Yesterday, I returned from a 3-week vacation (with some success at also doing some writing) at my summer cottage in Minaki, Ontario. The last full day I was there, I was visiting on a neighbor’s (Canadian translation: neighbour’s) dock to say good-bye. We had both noticed earlier that day a stray buoy that had drifted into some relatively open water. I’ve been going there since 1951 and my neighbor has been doing so since about 2006 and we both knew that it didn’t belong there. If there was any doubt, the angle of the buoy confirmed our belief: it was tilted about 30 degrees from horizontal and the end of the buoy was ragged.
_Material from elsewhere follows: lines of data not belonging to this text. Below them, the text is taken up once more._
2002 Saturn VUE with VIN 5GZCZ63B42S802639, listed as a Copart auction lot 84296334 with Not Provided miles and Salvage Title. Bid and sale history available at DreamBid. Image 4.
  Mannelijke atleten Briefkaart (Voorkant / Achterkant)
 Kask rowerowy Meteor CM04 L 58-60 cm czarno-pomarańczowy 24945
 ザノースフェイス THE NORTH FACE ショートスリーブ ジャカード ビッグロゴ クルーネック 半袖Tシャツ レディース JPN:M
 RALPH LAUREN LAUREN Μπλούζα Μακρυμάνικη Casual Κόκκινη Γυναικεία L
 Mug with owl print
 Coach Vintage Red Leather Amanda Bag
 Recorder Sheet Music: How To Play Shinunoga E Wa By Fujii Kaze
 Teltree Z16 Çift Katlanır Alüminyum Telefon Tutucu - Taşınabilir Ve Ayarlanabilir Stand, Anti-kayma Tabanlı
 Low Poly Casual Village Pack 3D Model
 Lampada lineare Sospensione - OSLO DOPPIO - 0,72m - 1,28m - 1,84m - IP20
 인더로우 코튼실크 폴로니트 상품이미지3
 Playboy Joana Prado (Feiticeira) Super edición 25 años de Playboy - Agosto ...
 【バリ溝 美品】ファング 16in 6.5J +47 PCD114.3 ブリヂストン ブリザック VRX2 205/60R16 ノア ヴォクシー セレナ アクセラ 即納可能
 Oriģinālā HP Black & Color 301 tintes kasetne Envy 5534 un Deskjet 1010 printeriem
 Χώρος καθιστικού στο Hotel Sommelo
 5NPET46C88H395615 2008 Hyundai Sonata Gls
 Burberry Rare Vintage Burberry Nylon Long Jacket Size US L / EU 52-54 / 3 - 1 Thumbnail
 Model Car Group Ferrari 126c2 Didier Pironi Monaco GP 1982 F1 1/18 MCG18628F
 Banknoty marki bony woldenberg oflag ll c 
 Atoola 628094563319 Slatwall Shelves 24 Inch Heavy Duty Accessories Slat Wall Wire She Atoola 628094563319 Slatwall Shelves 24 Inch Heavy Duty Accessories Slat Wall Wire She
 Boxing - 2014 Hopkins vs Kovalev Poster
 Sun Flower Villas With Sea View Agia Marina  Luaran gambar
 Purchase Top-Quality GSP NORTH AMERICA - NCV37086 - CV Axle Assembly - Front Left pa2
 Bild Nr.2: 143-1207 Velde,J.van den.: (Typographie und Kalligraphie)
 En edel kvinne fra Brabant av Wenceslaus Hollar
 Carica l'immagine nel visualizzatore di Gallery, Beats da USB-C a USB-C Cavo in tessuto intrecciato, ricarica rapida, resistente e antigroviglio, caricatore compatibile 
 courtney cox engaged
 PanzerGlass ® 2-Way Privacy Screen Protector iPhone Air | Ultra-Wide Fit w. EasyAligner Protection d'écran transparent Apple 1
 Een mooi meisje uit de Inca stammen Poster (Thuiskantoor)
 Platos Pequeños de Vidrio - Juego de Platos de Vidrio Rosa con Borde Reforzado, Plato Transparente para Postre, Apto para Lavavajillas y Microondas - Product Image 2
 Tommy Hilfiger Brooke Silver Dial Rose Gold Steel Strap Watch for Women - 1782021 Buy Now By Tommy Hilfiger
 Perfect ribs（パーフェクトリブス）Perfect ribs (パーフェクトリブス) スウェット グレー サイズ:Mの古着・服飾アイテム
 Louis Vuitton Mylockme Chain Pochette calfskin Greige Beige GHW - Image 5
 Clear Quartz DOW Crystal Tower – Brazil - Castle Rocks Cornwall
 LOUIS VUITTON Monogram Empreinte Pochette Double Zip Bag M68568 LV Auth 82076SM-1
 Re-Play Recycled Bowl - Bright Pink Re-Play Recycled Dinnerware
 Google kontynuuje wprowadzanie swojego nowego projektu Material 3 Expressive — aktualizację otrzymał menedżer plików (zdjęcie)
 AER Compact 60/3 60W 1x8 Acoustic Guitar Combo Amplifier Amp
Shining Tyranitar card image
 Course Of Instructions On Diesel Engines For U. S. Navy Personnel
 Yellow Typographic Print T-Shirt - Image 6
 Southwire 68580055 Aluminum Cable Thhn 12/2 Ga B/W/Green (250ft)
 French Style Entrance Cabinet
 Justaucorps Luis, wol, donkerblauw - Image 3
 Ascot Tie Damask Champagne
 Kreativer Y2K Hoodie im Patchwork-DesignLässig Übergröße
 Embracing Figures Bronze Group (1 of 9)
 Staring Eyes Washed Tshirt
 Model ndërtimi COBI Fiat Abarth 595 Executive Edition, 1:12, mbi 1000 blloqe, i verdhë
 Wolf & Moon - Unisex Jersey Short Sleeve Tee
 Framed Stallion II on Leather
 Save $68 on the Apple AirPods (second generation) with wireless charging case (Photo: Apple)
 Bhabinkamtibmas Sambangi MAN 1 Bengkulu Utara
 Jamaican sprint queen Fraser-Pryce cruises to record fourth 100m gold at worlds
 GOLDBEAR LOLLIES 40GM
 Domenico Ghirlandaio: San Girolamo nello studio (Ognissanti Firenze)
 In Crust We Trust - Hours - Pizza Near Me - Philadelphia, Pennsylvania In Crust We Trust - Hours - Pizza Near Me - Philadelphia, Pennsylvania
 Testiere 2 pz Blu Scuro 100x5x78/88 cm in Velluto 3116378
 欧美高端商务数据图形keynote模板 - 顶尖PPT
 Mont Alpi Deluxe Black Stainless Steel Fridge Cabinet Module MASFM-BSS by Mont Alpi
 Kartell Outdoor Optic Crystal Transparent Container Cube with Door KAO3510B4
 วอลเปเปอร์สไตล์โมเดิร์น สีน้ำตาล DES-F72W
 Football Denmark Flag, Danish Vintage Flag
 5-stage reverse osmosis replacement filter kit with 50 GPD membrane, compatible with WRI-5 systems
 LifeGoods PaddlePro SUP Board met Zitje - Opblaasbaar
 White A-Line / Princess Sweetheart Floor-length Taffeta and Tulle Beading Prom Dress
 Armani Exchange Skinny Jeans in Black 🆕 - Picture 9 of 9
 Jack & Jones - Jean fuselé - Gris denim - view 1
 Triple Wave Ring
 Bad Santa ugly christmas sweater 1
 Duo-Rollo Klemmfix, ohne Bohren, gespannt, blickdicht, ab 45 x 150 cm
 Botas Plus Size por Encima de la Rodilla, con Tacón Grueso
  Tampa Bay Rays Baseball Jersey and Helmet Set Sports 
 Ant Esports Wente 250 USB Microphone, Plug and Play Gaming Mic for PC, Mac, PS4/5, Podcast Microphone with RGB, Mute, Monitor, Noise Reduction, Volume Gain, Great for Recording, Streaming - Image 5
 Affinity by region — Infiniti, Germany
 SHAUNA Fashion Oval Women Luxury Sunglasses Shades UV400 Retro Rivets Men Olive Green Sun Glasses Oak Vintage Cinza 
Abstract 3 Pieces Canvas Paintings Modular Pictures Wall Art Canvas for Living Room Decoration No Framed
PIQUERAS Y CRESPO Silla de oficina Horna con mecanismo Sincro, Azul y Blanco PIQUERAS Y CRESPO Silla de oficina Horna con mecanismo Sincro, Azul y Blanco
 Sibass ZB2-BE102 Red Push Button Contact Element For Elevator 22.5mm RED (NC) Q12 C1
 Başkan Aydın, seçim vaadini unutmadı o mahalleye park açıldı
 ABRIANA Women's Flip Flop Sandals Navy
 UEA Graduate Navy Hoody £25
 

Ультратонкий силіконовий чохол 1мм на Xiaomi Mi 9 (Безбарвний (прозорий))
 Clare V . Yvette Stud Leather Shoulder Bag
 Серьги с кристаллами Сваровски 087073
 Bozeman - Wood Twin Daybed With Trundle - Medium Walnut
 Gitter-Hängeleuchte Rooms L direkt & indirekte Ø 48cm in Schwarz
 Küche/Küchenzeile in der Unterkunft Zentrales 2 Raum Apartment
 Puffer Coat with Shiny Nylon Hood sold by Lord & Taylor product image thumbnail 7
If a boat were to run into it at night–and yes, some people around there do operate their boats at night–the buoy could do a lot of damage and even cause a fatality. I expressed that thought to my neighbor, Don Fullerton, and he agreed.

About 15 minutes later, he said, “Dave (almost everyone at Minaki calls me Dave), come with me.” We got in his fishing boat and went out to the buoy. I reached over to pull it and was pleased that it was made of plastic and wasn’t as heavy as I expected. At the end was a long chain whose end, we figured, must have caught on a rock below. We pulled it and it came loose. So we pulled the buoy into his boat. It was filled with foul-smelling debris. We took it back to his dock.

Why do I tell this story on EconLog? Because so often when I hear people argue for government intervention in economic activity, they say, “Without government doing this, who would ____?” There are few government officials around. Employees of the Ontario Ministry of Natural Resources are typically out enforcing fishing regulations. The one member of the Ontario Provincial Police is busy, I assume, with other matters. Maybe he would have got to it, but when I was out on my jet ski earlier that day, I saw the buoy and 4 hours later, it was still there.

So we did it. Small piece of evidence ? Yes. But an illustrative one nevertheless.